*Task to complete:* Your answer should be the lines below from the one with "Used Roewe Ei5" to the one with "Mini-Cupcakes mit Himbeercreme", both included, given again exactly and with nothing added.

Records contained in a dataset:
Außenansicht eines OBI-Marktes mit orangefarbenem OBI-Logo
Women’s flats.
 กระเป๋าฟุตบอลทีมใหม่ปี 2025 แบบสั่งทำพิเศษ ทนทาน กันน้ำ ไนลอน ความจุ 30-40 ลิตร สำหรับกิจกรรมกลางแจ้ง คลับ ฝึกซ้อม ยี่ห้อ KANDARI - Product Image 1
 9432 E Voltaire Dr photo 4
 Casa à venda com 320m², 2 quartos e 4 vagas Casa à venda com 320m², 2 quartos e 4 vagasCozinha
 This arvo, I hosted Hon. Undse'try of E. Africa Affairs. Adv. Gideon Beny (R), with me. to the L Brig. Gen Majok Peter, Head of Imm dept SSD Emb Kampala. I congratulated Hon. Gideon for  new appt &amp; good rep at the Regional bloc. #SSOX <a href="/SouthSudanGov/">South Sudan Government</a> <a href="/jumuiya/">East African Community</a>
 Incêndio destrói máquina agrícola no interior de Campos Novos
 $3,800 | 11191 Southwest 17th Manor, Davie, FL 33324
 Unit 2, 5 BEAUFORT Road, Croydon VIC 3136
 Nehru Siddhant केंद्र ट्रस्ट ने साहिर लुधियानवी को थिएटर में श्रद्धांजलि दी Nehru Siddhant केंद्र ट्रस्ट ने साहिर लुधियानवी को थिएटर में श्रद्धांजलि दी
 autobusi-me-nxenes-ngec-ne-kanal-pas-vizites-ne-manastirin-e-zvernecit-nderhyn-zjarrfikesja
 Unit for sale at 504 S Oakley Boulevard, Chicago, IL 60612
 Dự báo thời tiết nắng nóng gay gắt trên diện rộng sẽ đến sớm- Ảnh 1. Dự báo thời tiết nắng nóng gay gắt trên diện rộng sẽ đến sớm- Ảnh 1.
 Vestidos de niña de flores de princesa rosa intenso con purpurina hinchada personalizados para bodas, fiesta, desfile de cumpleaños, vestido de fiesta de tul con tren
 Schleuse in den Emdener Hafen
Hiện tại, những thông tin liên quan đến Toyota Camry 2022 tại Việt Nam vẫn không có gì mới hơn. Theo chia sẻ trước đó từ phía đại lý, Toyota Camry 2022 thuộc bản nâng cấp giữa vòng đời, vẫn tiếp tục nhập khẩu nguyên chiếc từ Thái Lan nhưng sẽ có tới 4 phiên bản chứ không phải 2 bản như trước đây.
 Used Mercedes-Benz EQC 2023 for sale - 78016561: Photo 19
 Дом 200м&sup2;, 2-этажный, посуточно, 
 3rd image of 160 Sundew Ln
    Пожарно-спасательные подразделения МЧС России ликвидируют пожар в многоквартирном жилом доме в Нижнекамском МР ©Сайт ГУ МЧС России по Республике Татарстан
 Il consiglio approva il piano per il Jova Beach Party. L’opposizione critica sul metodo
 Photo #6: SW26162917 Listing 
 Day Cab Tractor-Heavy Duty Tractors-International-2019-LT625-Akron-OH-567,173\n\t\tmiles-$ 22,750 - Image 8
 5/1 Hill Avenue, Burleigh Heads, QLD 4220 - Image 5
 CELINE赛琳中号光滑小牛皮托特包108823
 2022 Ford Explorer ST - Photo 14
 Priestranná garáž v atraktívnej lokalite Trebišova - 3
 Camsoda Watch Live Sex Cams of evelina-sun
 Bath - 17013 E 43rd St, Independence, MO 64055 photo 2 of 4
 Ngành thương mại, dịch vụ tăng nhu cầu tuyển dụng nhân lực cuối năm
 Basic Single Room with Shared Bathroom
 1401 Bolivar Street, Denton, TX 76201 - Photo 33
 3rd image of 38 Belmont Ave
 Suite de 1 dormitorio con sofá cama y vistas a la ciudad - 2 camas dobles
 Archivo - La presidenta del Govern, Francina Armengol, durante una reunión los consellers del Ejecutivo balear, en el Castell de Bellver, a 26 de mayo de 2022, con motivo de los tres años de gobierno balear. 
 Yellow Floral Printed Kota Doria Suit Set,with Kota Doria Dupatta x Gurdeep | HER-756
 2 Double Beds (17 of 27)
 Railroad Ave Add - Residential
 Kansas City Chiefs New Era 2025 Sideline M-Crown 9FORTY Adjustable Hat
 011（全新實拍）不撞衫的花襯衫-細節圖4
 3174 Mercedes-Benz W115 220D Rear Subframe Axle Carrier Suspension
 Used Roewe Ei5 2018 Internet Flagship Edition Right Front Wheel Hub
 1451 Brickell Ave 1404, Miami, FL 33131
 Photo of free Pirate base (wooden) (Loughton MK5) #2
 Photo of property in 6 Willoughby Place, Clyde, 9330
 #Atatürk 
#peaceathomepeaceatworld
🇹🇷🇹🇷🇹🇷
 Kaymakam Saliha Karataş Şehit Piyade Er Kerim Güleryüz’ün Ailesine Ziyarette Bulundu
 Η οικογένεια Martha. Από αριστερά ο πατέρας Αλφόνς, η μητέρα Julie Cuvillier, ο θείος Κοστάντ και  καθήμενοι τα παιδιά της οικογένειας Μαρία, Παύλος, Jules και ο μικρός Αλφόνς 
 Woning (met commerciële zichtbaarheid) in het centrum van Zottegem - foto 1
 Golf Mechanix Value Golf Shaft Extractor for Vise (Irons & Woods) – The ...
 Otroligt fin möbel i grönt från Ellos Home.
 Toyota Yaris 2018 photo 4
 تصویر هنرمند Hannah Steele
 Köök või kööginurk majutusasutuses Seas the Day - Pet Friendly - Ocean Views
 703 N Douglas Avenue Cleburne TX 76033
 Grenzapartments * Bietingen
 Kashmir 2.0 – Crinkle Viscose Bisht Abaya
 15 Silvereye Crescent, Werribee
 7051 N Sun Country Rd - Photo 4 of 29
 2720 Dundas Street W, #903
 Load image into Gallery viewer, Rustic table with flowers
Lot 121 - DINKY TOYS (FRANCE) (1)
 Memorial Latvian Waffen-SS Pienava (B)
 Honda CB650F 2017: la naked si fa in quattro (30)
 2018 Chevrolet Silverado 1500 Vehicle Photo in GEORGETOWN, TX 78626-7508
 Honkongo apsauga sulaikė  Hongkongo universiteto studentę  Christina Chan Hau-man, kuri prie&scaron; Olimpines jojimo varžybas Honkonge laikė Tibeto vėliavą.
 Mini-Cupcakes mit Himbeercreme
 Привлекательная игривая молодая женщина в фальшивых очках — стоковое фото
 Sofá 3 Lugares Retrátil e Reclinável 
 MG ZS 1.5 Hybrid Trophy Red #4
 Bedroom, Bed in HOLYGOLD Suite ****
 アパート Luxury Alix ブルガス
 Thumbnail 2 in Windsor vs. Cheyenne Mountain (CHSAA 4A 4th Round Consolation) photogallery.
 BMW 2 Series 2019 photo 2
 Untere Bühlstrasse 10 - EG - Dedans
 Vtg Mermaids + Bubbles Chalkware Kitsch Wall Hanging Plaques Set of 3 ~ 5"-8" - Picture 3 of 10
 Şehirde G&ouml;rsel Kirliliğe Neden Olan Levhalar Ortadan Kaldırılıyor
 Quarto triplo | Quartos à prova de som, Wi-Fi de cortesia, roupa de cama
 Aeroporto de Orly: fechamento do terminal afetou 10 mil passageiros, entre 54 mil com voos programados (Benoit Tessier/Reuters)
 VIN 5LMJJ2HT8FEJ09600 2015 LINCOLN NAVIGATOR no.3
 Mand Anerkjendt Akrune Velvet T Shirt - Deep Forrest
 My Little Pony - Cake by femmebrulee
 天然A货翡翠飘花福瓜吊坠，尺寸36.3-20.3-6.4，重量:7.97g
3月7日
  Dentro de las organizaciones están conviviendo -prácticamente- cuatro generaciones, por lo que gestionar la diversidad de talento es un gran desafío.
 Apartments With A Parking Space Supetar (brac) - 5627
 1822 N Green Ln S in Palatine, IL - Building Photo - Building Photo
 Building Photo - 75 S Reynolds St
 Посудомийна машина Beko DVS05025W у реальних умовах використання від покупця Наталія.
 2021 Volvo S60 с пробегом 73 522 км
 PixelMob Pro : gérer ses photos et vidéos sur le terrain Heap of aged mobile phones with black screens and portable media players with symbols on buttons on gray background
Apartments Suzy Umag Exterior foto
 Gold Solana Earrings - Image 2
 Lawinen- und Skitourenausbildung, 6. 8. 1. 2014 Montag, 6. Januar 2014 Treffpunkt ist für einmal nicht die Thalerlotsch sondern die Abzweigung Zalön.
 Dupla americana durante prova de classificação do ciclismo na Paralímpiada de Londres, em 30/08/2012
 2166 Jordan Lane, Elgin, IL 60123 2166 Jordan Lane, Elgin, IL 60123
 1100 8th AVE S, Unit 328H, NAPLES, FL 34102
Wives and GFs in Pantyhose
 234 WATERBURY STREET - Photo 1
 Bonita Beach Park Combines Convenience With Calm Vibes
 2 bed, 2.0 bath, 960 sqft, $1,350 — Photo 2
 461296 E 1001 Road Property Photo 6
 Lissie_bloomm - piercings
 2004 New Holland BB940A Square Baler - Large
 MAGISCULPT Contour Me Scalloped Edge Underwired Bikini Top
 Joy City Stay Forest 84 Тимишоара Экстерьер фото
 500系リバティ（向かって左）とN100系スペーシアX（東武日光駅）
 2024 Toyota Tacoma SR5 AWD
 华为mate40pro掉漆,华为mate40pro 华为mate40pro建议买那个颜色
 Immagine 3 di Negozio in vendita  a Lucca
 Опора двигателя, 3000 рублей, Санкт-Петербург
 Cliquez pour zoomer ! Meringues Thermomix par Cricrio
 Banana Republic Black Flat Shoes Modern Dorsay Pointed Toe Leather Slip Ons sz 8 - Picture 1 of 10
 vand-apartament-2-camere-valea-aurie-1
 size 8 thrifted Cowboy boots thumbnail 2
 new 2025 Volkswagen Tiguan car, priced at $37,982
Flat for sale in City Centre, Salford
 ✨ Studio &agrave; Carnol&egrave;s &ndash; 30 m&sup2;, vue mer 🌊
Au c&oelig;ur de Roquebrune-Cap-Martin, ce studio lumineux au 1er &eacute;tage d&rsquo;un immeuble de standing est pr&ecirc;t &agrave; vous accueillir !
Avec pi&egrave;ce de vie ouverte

*Answer box:*
 Used Roewe Ei5 2018 Internet Flagship Edition Right Front Wheel Hub
 1451 Brickell Ave 1404, Miami, FL 33131
 Photo of free Pirate base (wooden) (Loughton MK5) #2
 Photo of property in 6 Willoughby Place, Clyde, 9330
 #Atatürk 
#peaceathomepeaceatworld
🇹🇷🇹🇷🇹🇷
 Kaymakam Saliha Karataş Şehit Piyade Er Kerim Güleryüz’ün Ailesine Ziyarette Bulundu
 Η οικογένεια Martha. Από αριστερά ο πατέρας Αλφόνς, η μητέρα Julie Cuvillier, ο θείος Κοστάντ και  καθήμενοι τα παιδιά της οικογένειας Μαρία, Παύλος, Jules και ο μικρός Αλφόνς 
 Woning (met commerciële zichtbaarheid) in het centrum van Zottegem - foto 1
 Golf Mechanix Value Golf Shaft Extractor for Vise (Irons & Woods) – The ...
 Otroligt fin möbel i grönt från Ellos Home.
 Toyota Yaris 2018 photo 4
 تصویر هنرمند Hannah Steele
 Köök või kööginurk majutusasutuses Seas the Day - Pet Friendly - Ocean Views
 703 N Douglas Avenue Cleburne TX 76033
 Grenzapartments * Bietingen
 Kashmir 2.0 – Crinkle Viscose Bisht Abaya
 15 Silvereye Crescent, Werribee
 7051 N Sun Country Rd - Photo 4 of 29
 2720 Dundas Street W, #903
 Load image into Gallery viewer, Rustic table with flowers
Lot 121 - DINKY TOYS (FRANCE) (1)
 Memorial Latvian Waffen-SS Pienava (B)
 Honda CB650F 2017: la naked si fa in quattro (30)
 2018 Chevrolet Silverado 1500 Vehicle Photo in GEORGETOWN, TX 78626-7508
 Honkongo apsauga sulaikė  Hongkongo universiteto studentę  Christina Chan Hau-man, kuri prie&scaron; Olimpines jojimo varžybas Honkonge laikė Tibeto vėliavą.
 Mini-Cupcakes mit Himbeercreme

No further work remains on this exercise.